Has worship music lost its soul?
Writing in a recent issue of Christianity magazine, Andy Walton asks if some of our modern worship songs so lack freshness, creativity and effort, that they could easily have been written by a blindfolded monkey.
I must admit to having some sympathy with this position, even though I certainly don’t want to seem ungrateful for all the skill, effort and commitment that musicians put into our worship ‘experience’.
I’m not going to comment on the musical quality of today’s worship songs, not because it’s unimportant, but because its importance is secondary. Music is the vehicle, whereas words are the freight.
It is not only modern worship songs that suffer overmuch from cliched, repetitive, unimaginative, or even banal lyrics. A generation that sang
In my heart there rings a melody
there rings a melody
with heavenly harmony
In my heart there rings a melody
there rings a melody of love
…and so on, has no right to complain when today’s congregations sing…
Praise is rising, eyes are turning to you
We turn to you
Hope is stirring, hearts are yearning for you
We long for you
When we see you we find strength to face the day
In your presence all our fears are washed away, washed away
…and so on.
The question few people seem to be asking is, How did we get here? Let us try to trace the family tree of modern worship songs. Andy Walton takes us back one step, to the charismatic movement which gave us publications such as Sound of Living Waters (1974). Go back one stage further and we find ourselves in the youth-oriented folk/pop developments of the 1960s, and to the simple choruses and songs of Youth Praise (1966). Go back one more stage and where are we? Why, we are back in the 1920s and CSSM Choruses. Now, CSSM (which was the pre-cursor of Scripture Union) stood for ‘Children’s Special Service Mission’. Of course, I have nothing in principle against children’s songs and choruses. But it may just be, if the historical sketch I have just given makes any sense at all, that we just need to grow up in our praise and worship.
As Andy Walton points out, there’s nothing intrinsically wrong in repeating familiar words. If there were, we would have to ban the Lord’s Prayer from our churches.
I’m not sure I agree that ‘a limited vocabulary of worship can lead to a limited spiritual experience.’ I suspect that it’s the other way round: a limited spiritual experience leads to a limited vocabulary of worship.
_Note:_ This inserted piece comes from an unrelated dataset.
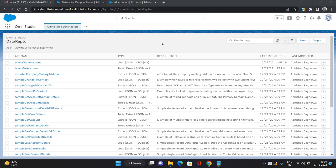Hello everyone, this is Abhishek Bhanirwal. Welcome to the Salesforce OmniStudio series. In this video I'm going to show you how to configure an integration procedure in OmniStudio. I'm going to create an integration procedure which will fetch an account record, clone the account record and save it, and also make use of an email action to send out an email.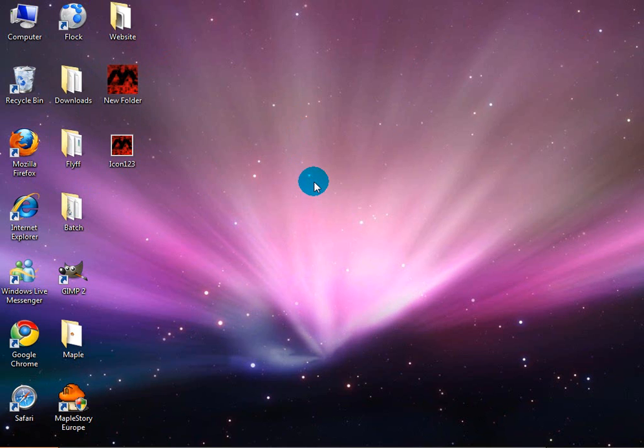That's basically it. That's how you create your own folder icon for Windows Vista and XP using Photoshop. Thanks for watching, make sure to rate, comment, and subscribe.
But I do agree that Scripture, and the history of Christian worship down the ages, show that there are areas of Christian belief and experience that remain simply untouched by popular worship songs:-
One Bible commentary suggests the book of Psalms alone contains 16 different types of ‘song’, with topics including praise, perseverance, confession, judgement, crisis, wrath and integrity. That’s before we even get onto the likes of Lamentations and Song of Songs. For the writer who feels uninspired, there are vast resources in scripture to use as a basis for lyrics, as well as 2,000 years of Christian wisdom.
Let our knowledge of Scripture be deeper, and our spiritual experience richer, and our worship will follow. Any other way is mere pretence – full of words and music, but signfiying nothing.